The discounter had previously experienced traffic overloads and site crashes on days when the company offered limited release of designer collections from Missoni and Lilly Pulitzer. Earlier this year, the company increased its mobile app's capacity sevenfold to handle growing demand.
Online sales account for about 3 percent of Target's $73 billion in annual sales. Target shares were down 1.5 percent in morning trading.
Also Monday, some Internet users noted problems with the online payment company PayPal.
Despite record breaking online sales from Thanksgiving through Cyber Monday, consumers have grown to expect a longer stretch of bargains. Many retailers began promoting pre-Black Friday specials in early November. Cyber Monday now extends into Cyber Week specials at many retailers.

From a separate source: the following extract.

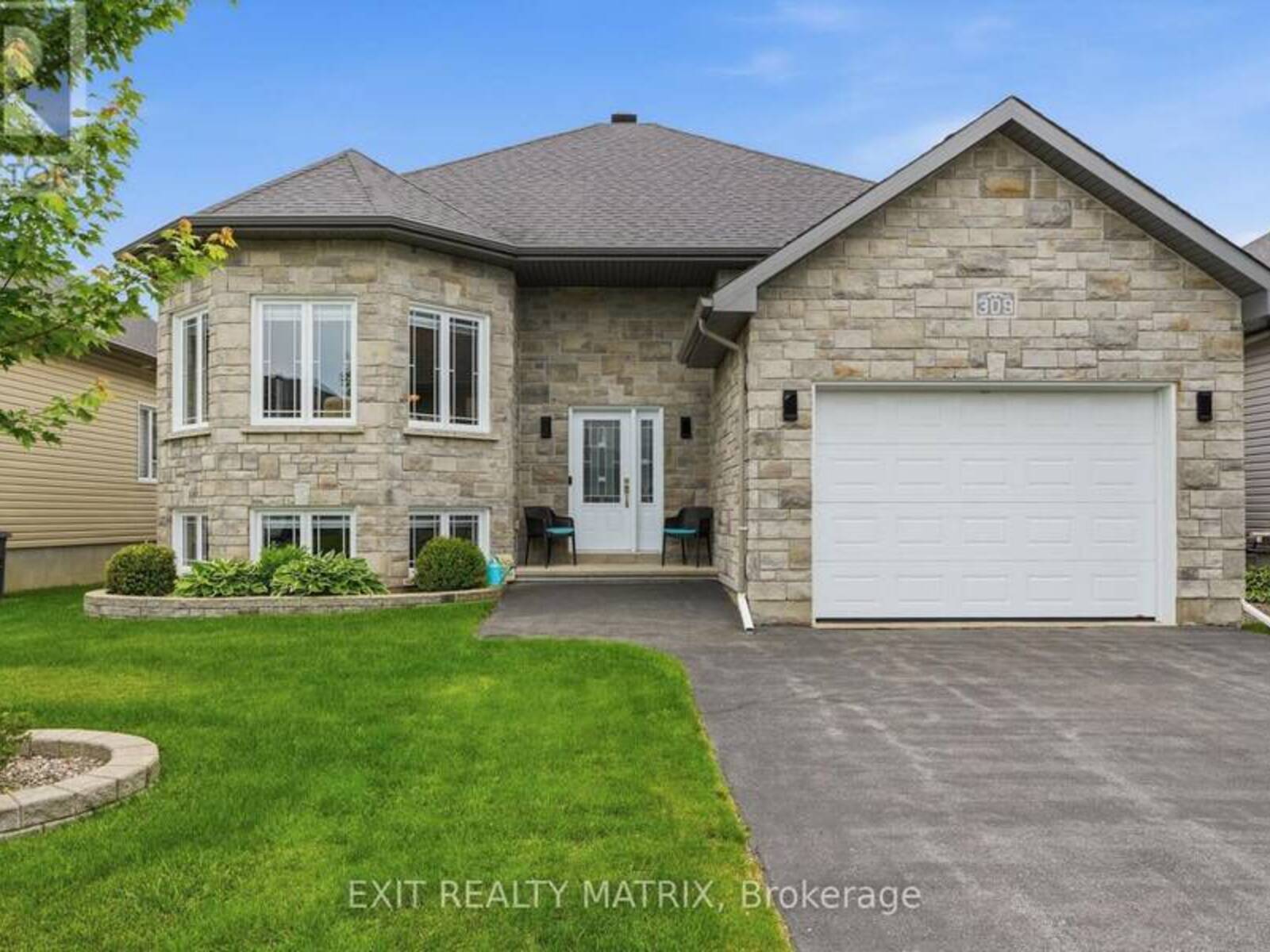 309 COLMAR STREET, Embrun, Ontario K0A 1W0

During the Thanksgiving Day weekend, more people shopped online than in bricks and mortar store. Black Friday sales online jumped 14 percent from 2014. More than half of the Black Friday shopping came from mobile devices, Adobe reported.
Brick and mortar sales on Thanksgiving were $1.8 billion and Black Friday. Both days were down slightly compared to 2014, according to ShopperTrak. But bricks and mortar still contribute much higher overall sales than online. Still, overall holiday spending is expected to increase about 4 percent this season.